He's right, the guys at gun ranges go way out of their way to help you out. You won't feel awkward, they're strangely interested in arming women.

Must mean they treat their women well 

Anyways, I tried out a .38 S&W and an HK 9mm. I liked the revolver better (the .38), I was more accurate with it and it had a bit less kickback. Either way, my delicate little girlie hands were bruised slightly when I was done. I'm still undecided on what I want to get and need to go back and try some different ones.

Tuesday night is ladies night at the range!

----------


## Conservative Christian

> I have wanted to buy a gun for the longest but I don't know what to get or where to get it. Is there a good place women can go to purchase weapons? I always get nervous around all the men at the gun counters and chicken out. I know its lame, but what can I say? I am small 5'2", but fit and honestly, will need some practice shooting I have only shot one gun, one time.


Just get your courage up and DO IT! 

Look in the yellow pages and find a few reputable gun shops in your area. 

Go during the day on a weekday, and there shouldn't be many people there at all. Don't go on Saturdays or during the evening, when they get most of their customers.

The guys working there should be more than happy to give you advice without being condescending. They want your business, so I'm highly doubtful they'd act like jerks.

Just tell them straight up that you're a beginner, and you're looking for a suitable handgun. Ask them about a concealed carry permit course, if ccp's are legal in your state. If not, ask about a gun safety course.

P.S.--Ignore the posters in this thread who suggested you buy a .357 Magnum. A .357 is one of the worst possible choices for a beginner, especially one of small physical stature. They have a substantial amount of recoil, and would be completely unsuitable for you.

----------


## Doktor_Jeep

Ok I have not read all of this thread but in general, as a firearms instructor, nothing gets me more riled up on a "guns for women" topic.
Why? Well if it's what I think you are thinking then get yer mind out of the gutter. That's not what I write about.

What I have seen is too many guys get off on handing their women (of whatever circumstance) some big bad gun and creating yet one more person who hates them or fears them.
I think there is a youtube out there somewhere showing a girl get smacked in the eye with a Desert Eagle in some high caliber.

My experience with the right way of matching the right woman to the right gun is to let them try out all sorts of guns and then teach them NOT what gun they need, but how to shop for a gun and deal with the dudes behind the counter who also get off on seeing a woman holding a large pistol.

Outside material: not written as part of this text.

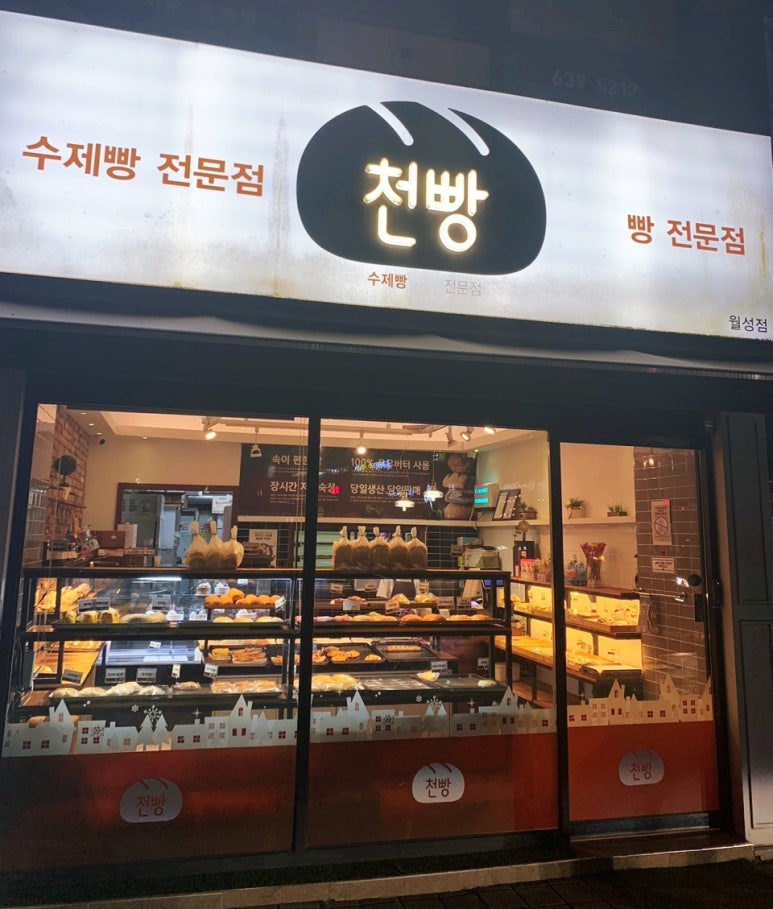천빵월성점 이미지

For some reason I have seen more women prefer revolvers over automatics and have yet to discover why.

If there be any ladies here looking to find the right gun, then let me know and myself and some other operators can supply you with a collection of guns to try out, and also give you training from safety to defensive shooting tactics. We are in Western Washington state.

----------


## Conservative Christian

I agree with about everything you said, Doktor.

The woman who started this thread is a beginner with no experience, and of small physical stature.

Yet at least a couple guys in this thread recommended a .357 Magnum to her. 

I wouldn't recommend a .357 Magnum to an average size male beginner! With its heavy recoil, it's simply not a beginner's weapon.

A .38 Special or 9mm is really all the gun the average woman needs. Loaded with jacketed hollow points, they're both very sufficient defensive firearms.

I believe a woman should decide for herself whether she wants a revolver or semi-auto.

----------


## Doktor_Jeep

A woman WILL decide the revolver-auto issue no matter what you do.

I think it was Mark Twain who said "Women and cats will always do whatever they please. Men and dogs need to get used to it".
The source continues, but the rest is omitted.